Assigned task »
Output the lines from the one containing "a white bathroom" through the last line of the material below, exactly; please do not include pictures.

::: Data provided :::

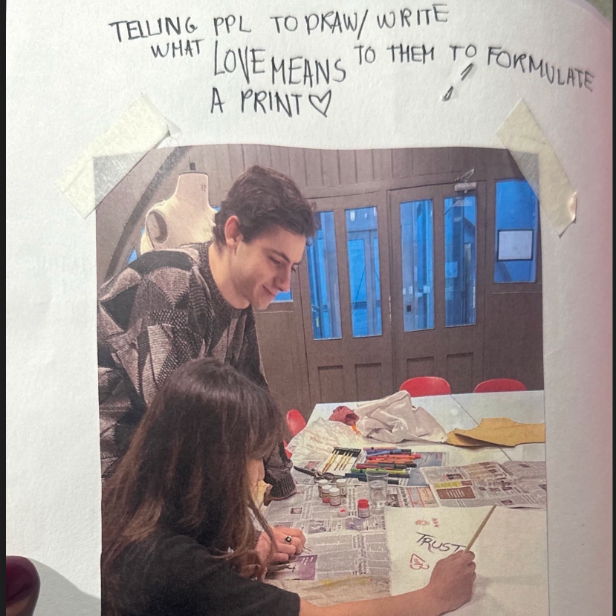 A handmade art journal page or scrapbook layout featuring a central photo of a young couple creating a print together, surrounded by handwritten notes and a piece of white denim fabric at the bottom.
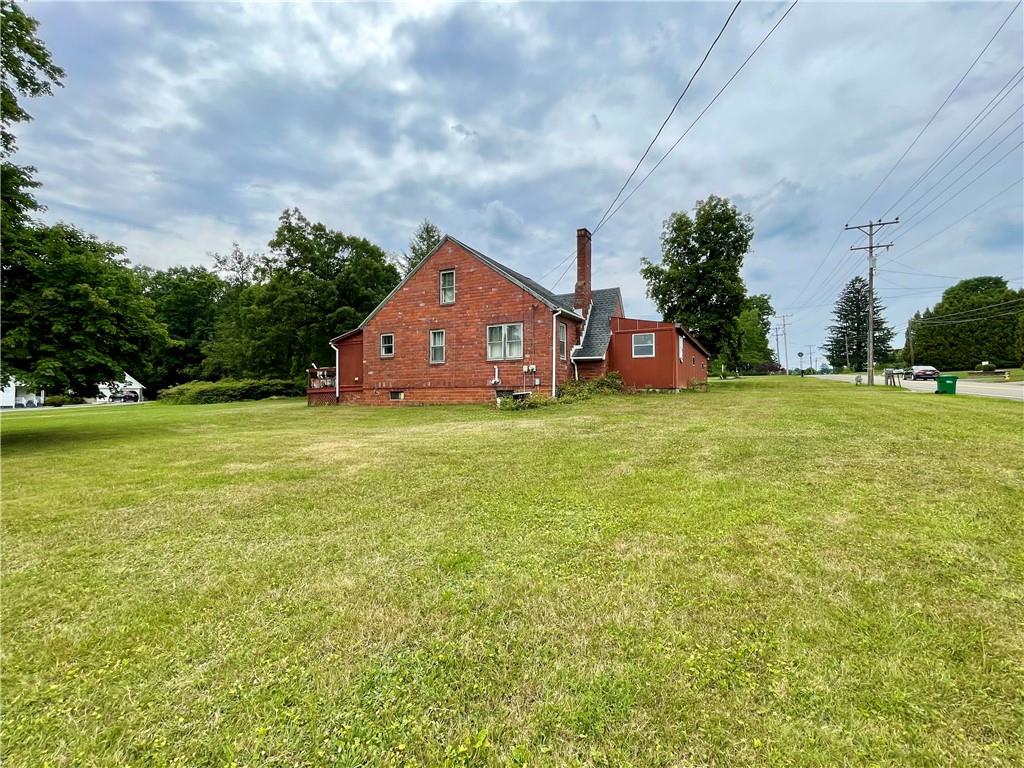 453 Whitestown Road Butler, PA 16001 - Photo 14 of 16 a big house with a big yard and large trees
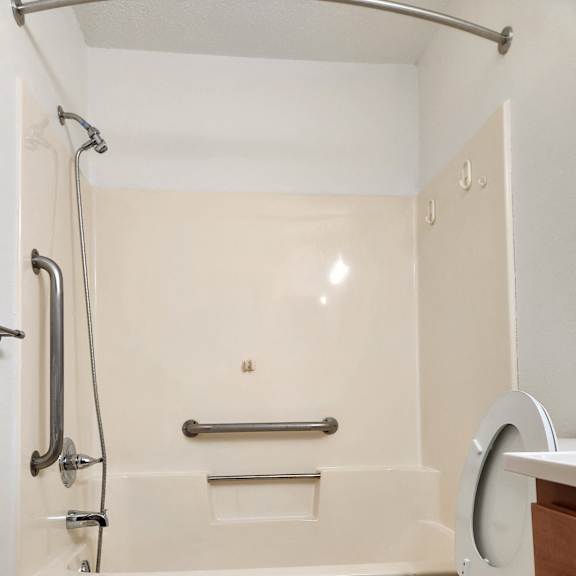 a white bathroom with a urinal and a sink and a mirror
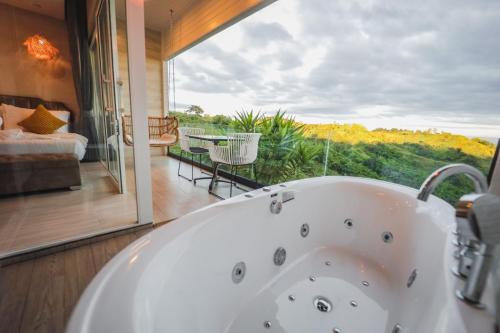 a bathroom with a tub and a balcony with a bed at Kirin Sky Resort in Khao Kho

:::

Reply »
 a white bathroom with a urinal and a sink and a mirror
 a bathroom with a tub and a balcony with a bed at Kirin Sky Resort in Khao Kho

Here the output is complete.